## Task directions
The answer must consist solely of the lines from the one with "[upl. by Ancier]" through the last line of the data, copied exactly, with no pictures.

:::::

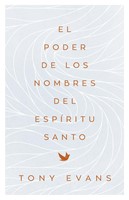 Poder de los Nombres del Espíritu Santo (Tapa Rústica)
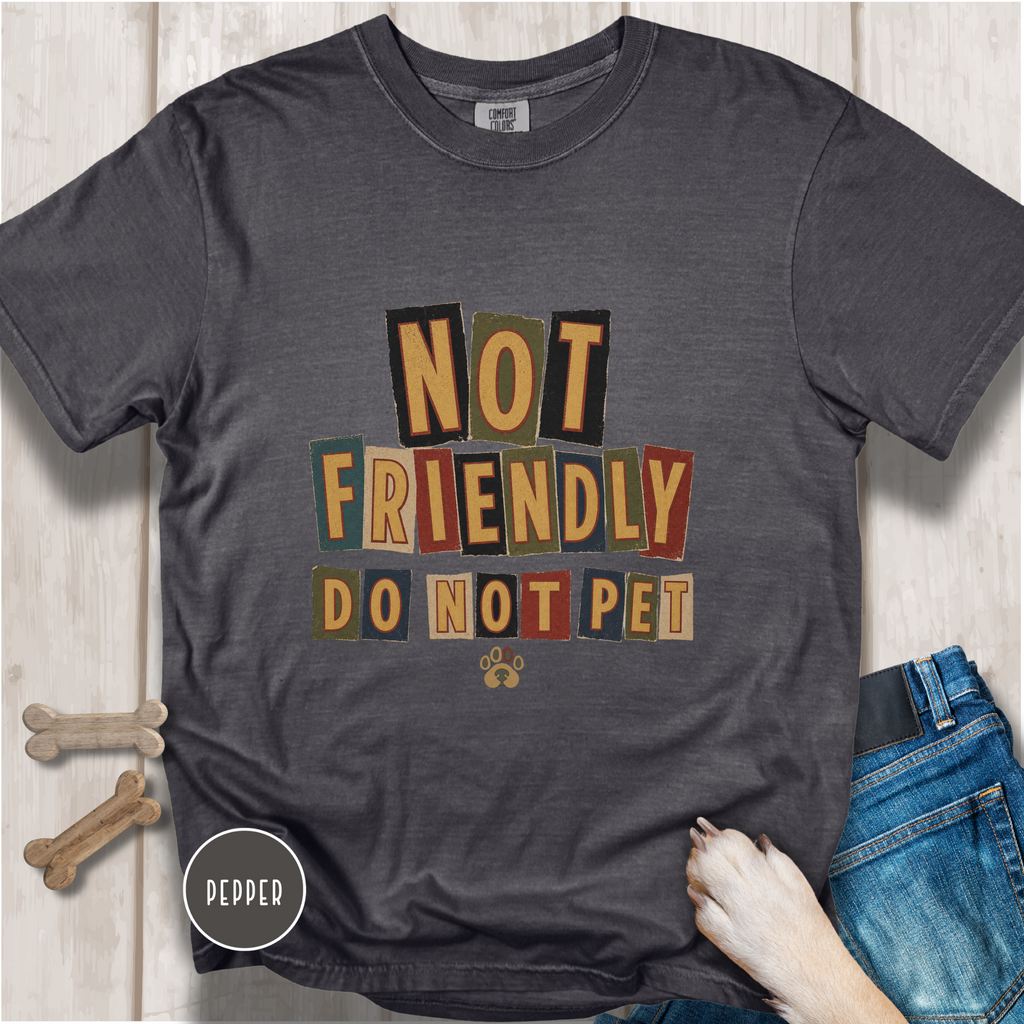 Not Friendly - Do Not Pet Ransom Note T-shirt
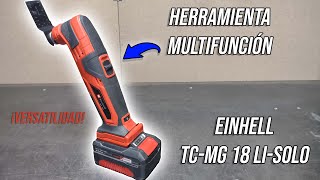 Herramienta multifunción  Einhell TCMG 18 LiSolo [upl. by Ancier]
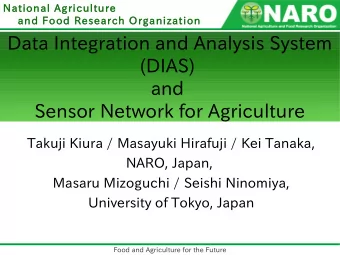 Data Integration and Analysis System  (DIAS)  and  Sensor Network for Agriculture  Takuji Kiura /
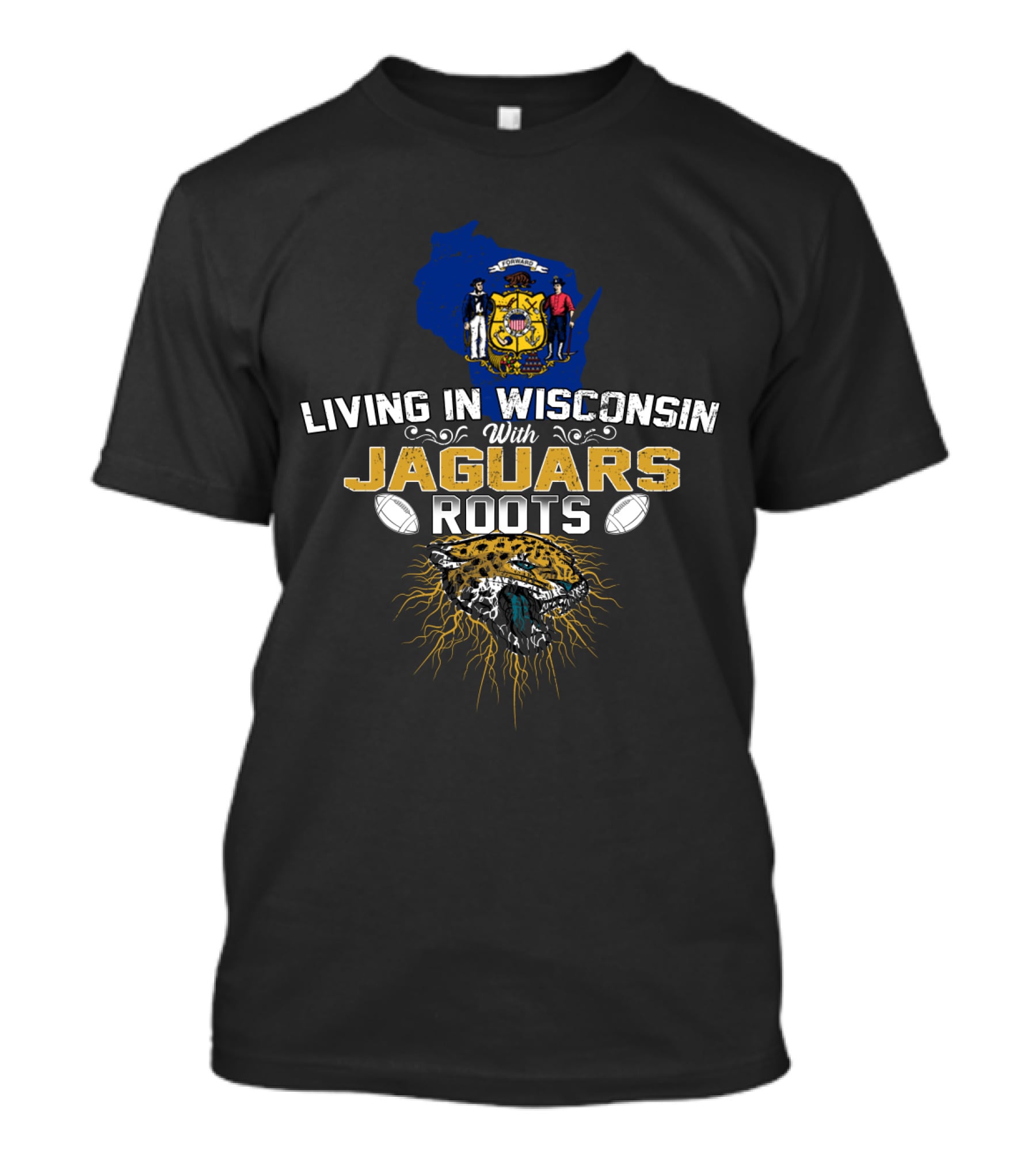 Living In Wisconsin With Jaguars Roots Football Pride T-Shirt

:::::

## Output for this task
 Herramienta multifunción  Einhell TCMG 18 LiSolo [upl. by Ancier]
 Data Integration and Analysis System  (DIAS)  and  Sensor Network for Agriculture  Takuji Kiura /
 Living In Wisconsin With Jaguars Roots Football Pride T-Shirt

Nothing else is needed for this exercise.